Without pictures, return the lines from the one containing "Standard Leasehold Agreement Template" through the last line of the data below, exactly.

* **Recorded information**
□ □ □ □ □ □ □

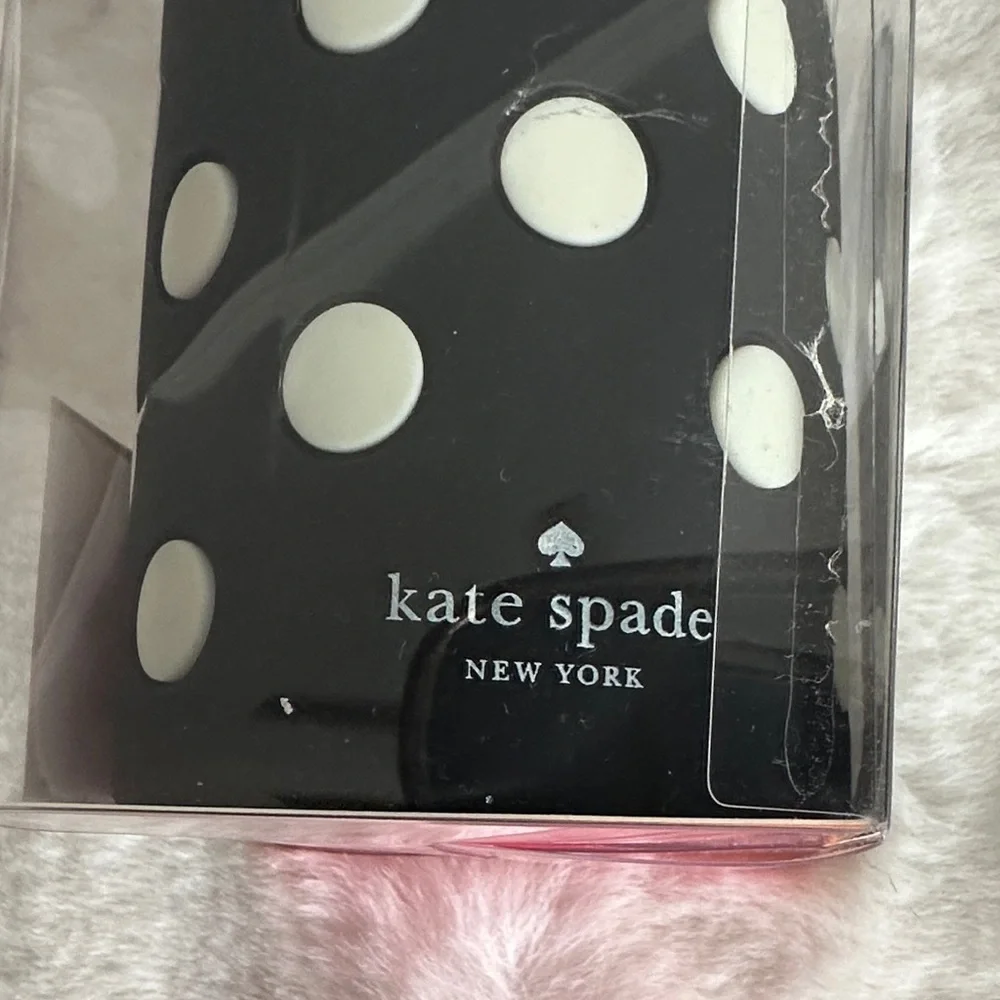 kate spade Black and White Polka Dot Drink Cozy
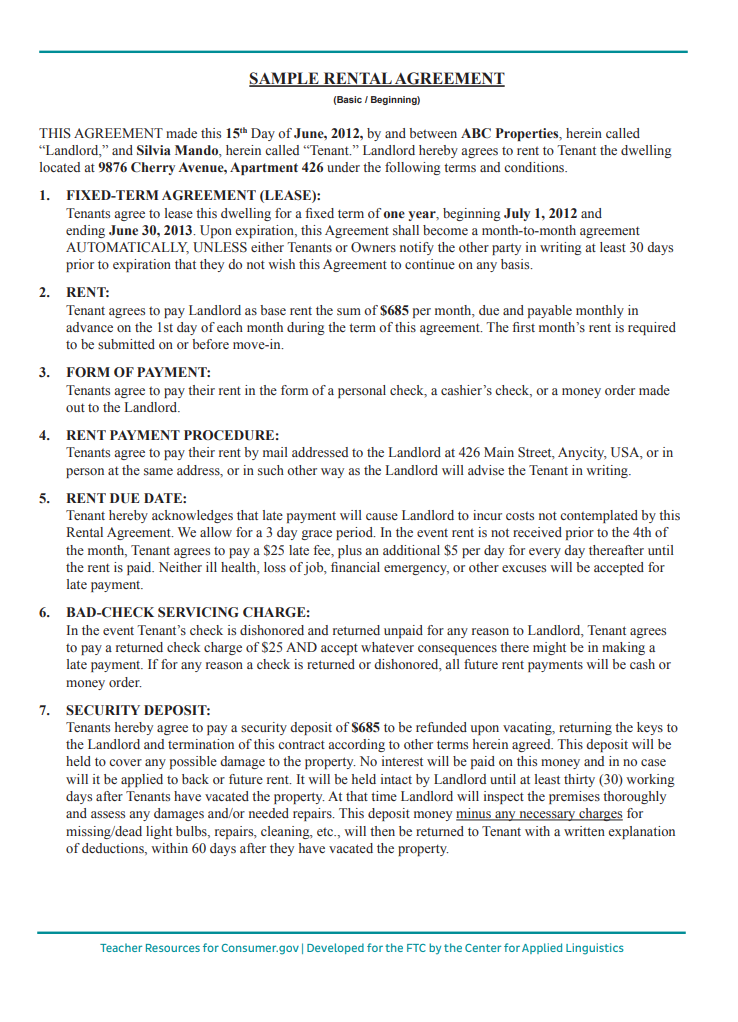 Standard Leasehold Agreement Template
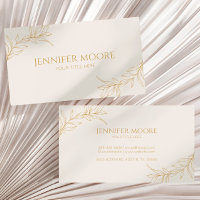 Feuilles minimalistes minimalistes en or beige
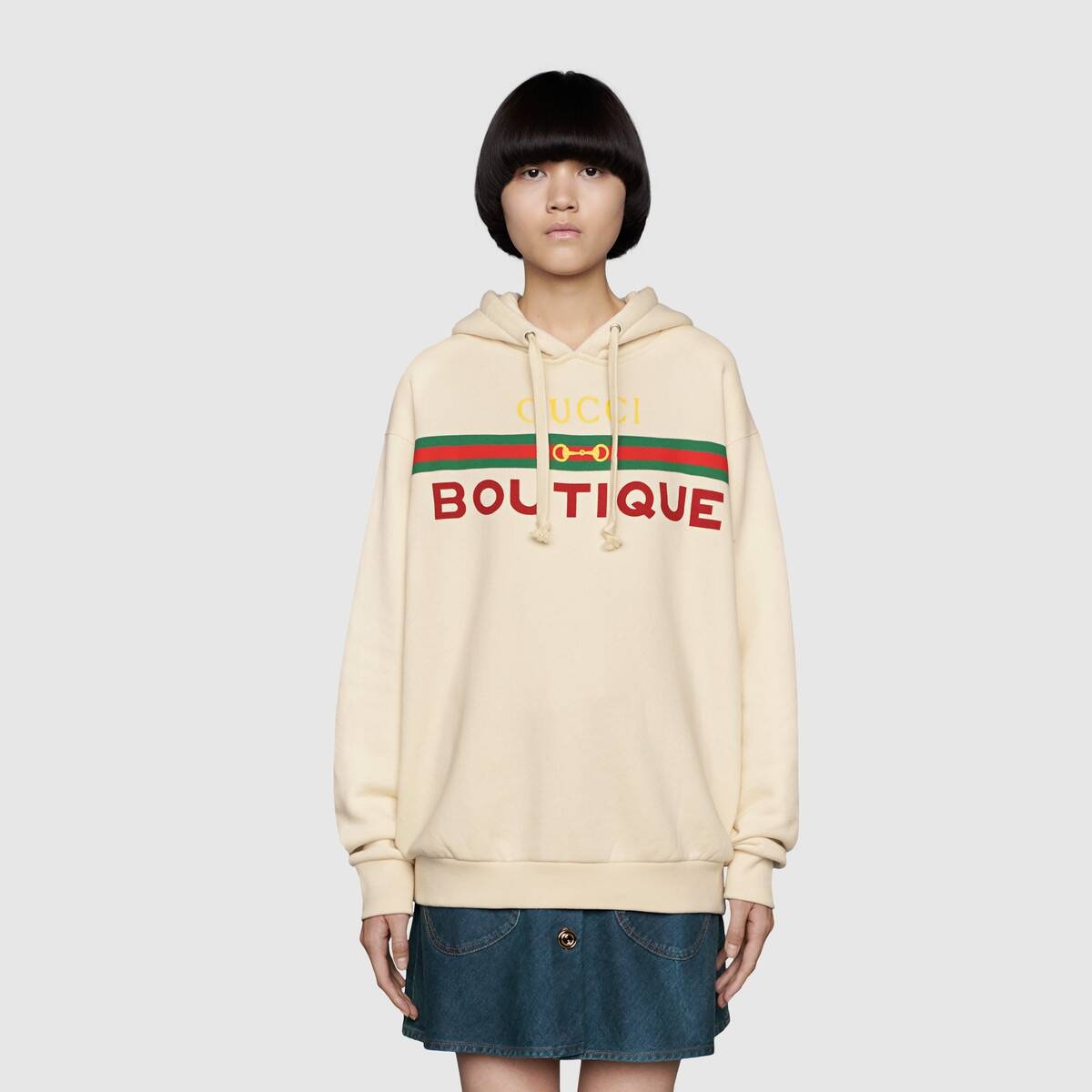 Gucci Boutique print sweatshirt - 4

□ □ □ □ □ □ □

* **Your solution**
 Standard Leasehold Agreement Template
 Feuilles minimalistes minimalistes en or beige
 Gucci Boutique print sweatshirt - 4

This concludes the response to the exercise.